Jason Holliday (Aaron Payne), star of Shirley Clarke's PORTRAIT OF JASON. A 1967 documentary restored by the Academy Film Archive and Milestone Film.

VERTIGINEUX

En 1964, The Cool World prolonge ce questionnement. Cristallisant à l’écran l’action de la cinéaste en faveur du mouvement des droits civiques, cette bombe naturaliste est, dixit la réalisatrice, « le premier film tourné dans Harlem et sur Harlem » –la plupart des jeunes acteurs sont des membres,parfois illettrés, de gangs locaux. Fidèle au passé de danseuse de Clarke, The Cool World est gouverné par le mouvement – course folle de gosses en Converse qui déambulent dans des rues cradingues ou se laissent porter par un bus qui les emmène, le temps d’une excursion scolaire, de Harlem à Manhattan, de la marge vers le centre, comme une façon d’imposer aux standards hollywoodiens une alternative poisseuse, de cadrer une population que les studios refusent de voir. Trois ans plus tard, Portrait of Jason, confession frontale et en plan fixe du gigolo noir Jason Holliday, radicalise encore la rupture sociale et formelle avec les studios. Shirley Clarke interroge le dispositif de l’interview, son authenticité, son degré de mise en scène. L’exercice est vertigineux et, à mesure qu’avance ce film entièrement composé autour du regard caméra de Jason, on ne sait plus si l’on est face à un personnage réel ou à un acteur.

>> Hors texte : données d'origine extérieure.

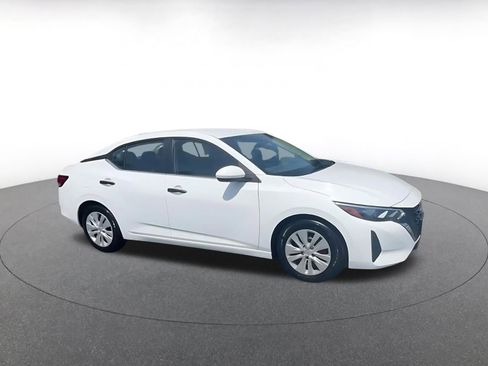 Used 2025 Nissan Sentra S FWD image 2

Ce paroxysme est aussi une forme de non-retour pour le « nouveau cinéma américain », engoncé dans ses principes d’indépendance et de rejet des circuits de diffusion traditionnels. Privés de visibilité, les films peinent à exister et sont consignés par Jonas Mekas à la Film Archive Anthology de New York, temple et vestige d’un cinéma américain indépendant. À la même époque, ce dernier renie son poulain, l’enfant prodige John Cassavetes, au motif qu’il est trop tenté par les lumières de Hollywood. Shirley Clarke,quant à elle, retourne à ses premières amours expérimentales et se tourne vers la vidéo, avant de refaire un passage furtif par le long métrage en 1985 avec Ornette: Made in America. Elle est morte en 1997, et l’empreinte de son oeuvre est facilement repérable, quoique rarement mentionnée, chez les artisans du Nouvel Hollywood. Grands cinéastes de la figure masculine, Martin Scorsese (Mean Streets) ou Brian De Palma (Le Voyeur) doivent ironiquement beaucoup à cette petite femme aux cheveux courts et au regard vif.